- _WHAT TO WORK ON_: Look in the data below for the line that contains "2021 Fleetwood 6". Copy that line and the remaining lines exactly.

(Scraped caption text data)
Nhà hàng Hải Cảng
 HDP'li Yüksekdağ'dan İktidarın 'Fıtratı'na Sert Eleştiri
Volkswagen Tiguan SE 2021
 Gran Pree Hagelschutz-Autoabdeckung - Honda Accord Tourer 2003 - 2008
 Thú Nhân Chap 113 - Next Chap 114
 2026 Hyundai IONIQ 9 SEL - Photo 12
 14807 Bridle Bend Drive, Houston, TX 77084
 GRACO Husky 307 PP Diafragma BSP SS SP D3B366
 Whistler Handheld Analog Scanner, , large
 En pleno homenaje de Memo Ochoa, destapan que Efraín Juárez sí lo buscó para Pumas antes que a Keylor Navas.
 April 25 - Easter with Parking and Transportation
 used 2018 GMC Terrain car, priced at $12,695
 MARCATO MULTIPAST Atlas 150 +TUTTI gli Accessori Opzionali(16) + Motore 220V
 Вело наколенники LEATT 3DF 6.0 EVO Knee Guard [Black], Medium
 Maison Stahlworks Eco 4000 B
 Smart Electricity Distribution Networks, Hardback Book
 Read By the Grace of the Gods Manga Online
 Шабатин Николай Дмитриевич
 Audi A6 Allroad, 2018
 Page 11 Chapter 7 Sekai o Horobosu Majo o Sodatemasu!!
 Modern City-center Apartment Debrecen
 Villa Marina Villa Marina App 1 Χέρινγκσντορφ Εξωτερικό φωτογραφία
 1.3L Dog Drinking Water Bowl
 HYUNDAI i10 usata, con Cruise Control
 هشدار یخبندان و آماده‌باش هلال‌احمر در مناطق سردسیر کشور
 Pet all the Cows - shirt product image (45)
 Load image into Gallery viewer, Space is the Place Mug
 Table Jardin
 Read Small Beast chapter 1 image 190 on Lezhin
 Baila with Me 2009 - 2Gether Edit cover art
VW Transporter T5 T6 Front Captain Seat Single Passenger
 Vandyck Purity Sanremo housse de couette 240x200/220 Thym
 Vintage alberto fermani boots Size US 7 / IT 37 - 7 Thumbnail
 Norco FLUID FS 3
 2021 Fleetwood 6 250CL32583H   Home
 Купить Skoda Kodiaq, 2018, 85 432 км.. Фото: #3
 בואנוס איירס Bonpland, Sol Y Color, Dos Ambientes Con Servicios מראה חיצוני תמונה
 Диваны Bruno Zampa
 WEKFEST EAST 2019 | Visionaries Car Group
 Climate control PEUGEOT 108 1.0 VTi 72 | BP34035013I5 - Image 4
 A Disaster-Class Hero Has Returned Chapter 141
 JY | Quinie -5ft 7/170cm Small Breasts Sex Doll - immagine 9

- _RESPONSE TO THIS EXERCISE_:
 2021 Fleetwood 6 250CL32583H   Home
 Купить Skoda Kodiaq, 2018, 85 432 км.. Фото: #3
 בואנוס איירס Bonpland, Sol Y Color, Dos Ambientes Con Servicios מראה חיצוני תמונה
 Диваны Bruno Zampa
 WEKFEST EAST 2019 | Visionaries Car Group
 Climate control PEUGEOT 108 1.0 VTi 72 | BP34035013I5 - Image 4
 A Disaster-Class Hero Has Returned Chapter 141
 JY | Quinie -5ft 7/170cm Small Breasts Sex Doll - immagine 9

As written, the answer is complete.